Today.Az » Weird / Interesting » Organized crime is wiping out wildlife, report finds
28 July 2011 [21:08] - Today.Az
A paper by WCS conservationist Elizabeth Bennett says that an immense,
increasingly sophisticated illegal trade in wildlife parts conducted by
organized crime, coupled with antiquated enforcement methods, are
decimating the world's most beloved species including rhinos, tigers,
and elephants on a scale never before seen.
The paper, published June 7 on the online issue of the journal Oryx,
says that much of the trade is driven by wealthy East Asian markets
that have a seemingly insatiable appetite for wildlife parts.

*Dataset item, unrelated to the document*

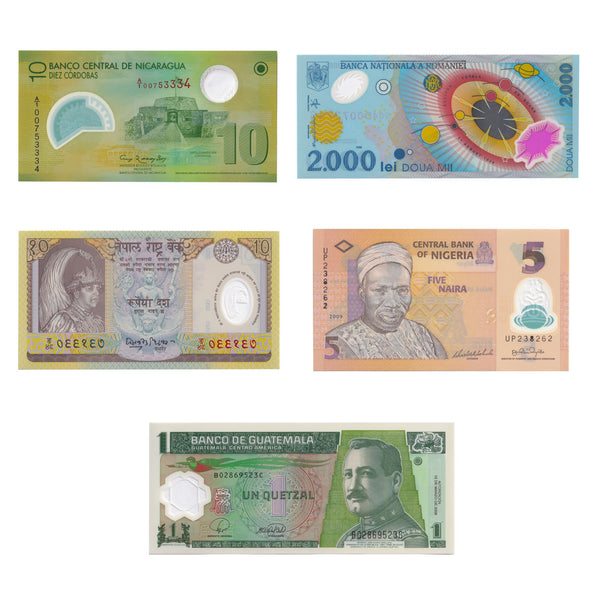5 Polymer Banknotes | Nigeria | Nicaragua | Nepal | Romania | Guatemala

According to the paper, organized crime syndicates using
sophisticated smuggling operations have penetrated even previously
secure wildlife populations. Some of the elaborate methods include:
hidden compartments in shipping containers; rapidly changing of
smuggling routes; and the use of e-commerce whose locations are
difficult to detect.
"We are failing to conserve some of the world's most beloved and
charismatic species," said Bennett, who began her career in conservation
more than 25 years ago in Asia. "We are rapidly losing big, spectacular
animals to an entirely new type of trade driven by criminalized
syndicates. It is deeply alarming, and the world is not yet taking it
seriously. When these criminal networks wipe out wildlife, conservation
loses, and local people lose the wildlife on which their livelihoods
often depend."
For example, South Africa lost almost 230 rhinoceroses to poaching
from January to October, 2010; and less than 3,500 tigers roam in the
wild, occupying less than 7 percent of their historic range.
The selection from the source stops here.